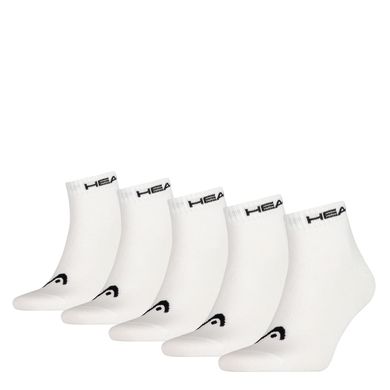 Шкарпетки Head QUARTER 5PPK UNISEX білий Уні 43-46 00000011733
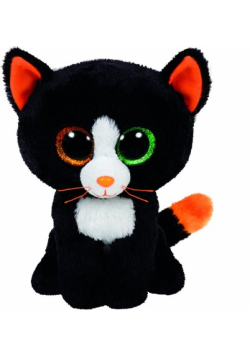 Beanie Boos czarny kot Frights średni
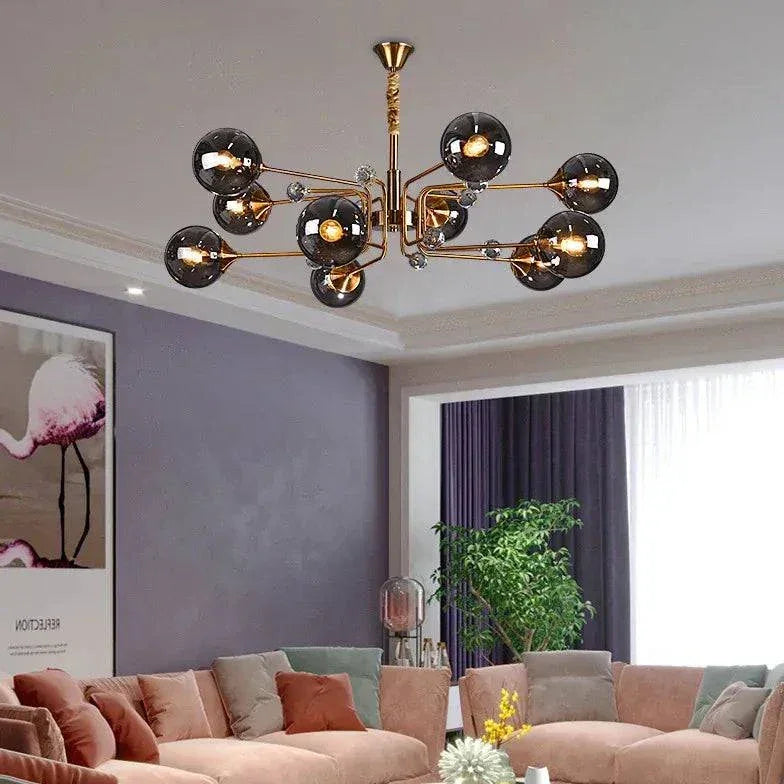 Suspension Pour Sejour Villa Nordique Verre Salon - Clowas.fr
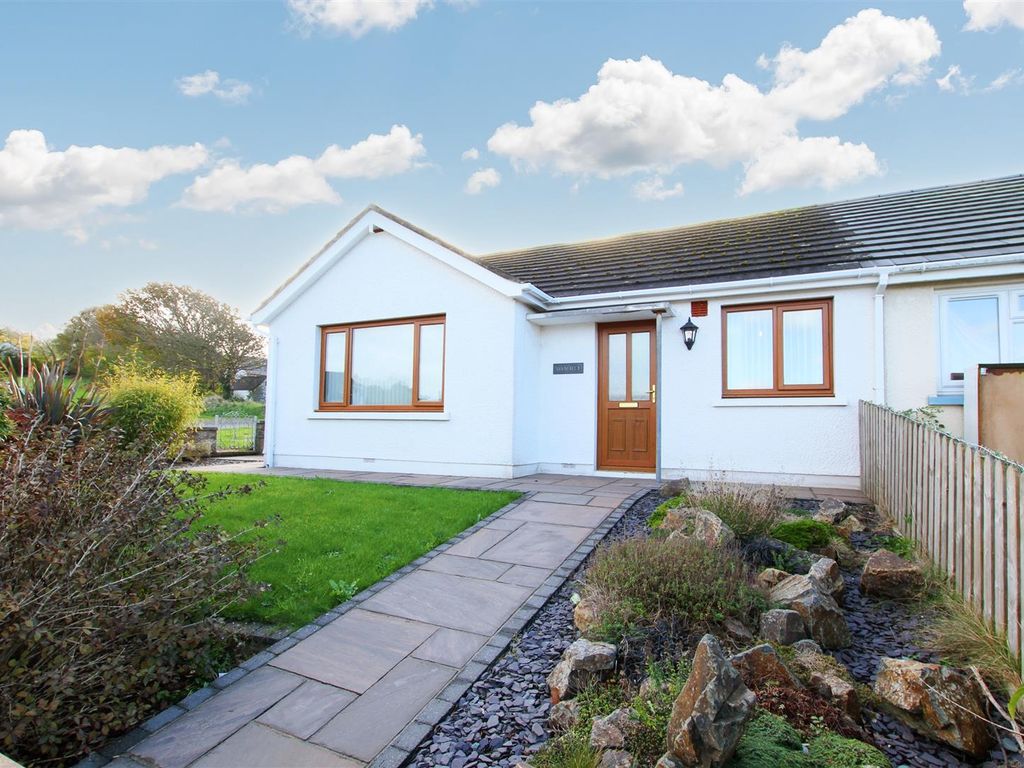 2 bed semidetached bungalow for sale in Pontgarreg, Llandysul SA44, £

***

* WHAT YOU SHOULD DO
Find the line holding "Suspension Pour Sejour" in the data above. Retype it and every later line exactly, through the end, but not the pictures.

* TASK RESPONSE
 Suspension Pour Sejour Villa Nordique Verre Salon - Clowas.fr
 2 bed semidetached bungalow for sale in Pontgarreg, Llandysul SA44, £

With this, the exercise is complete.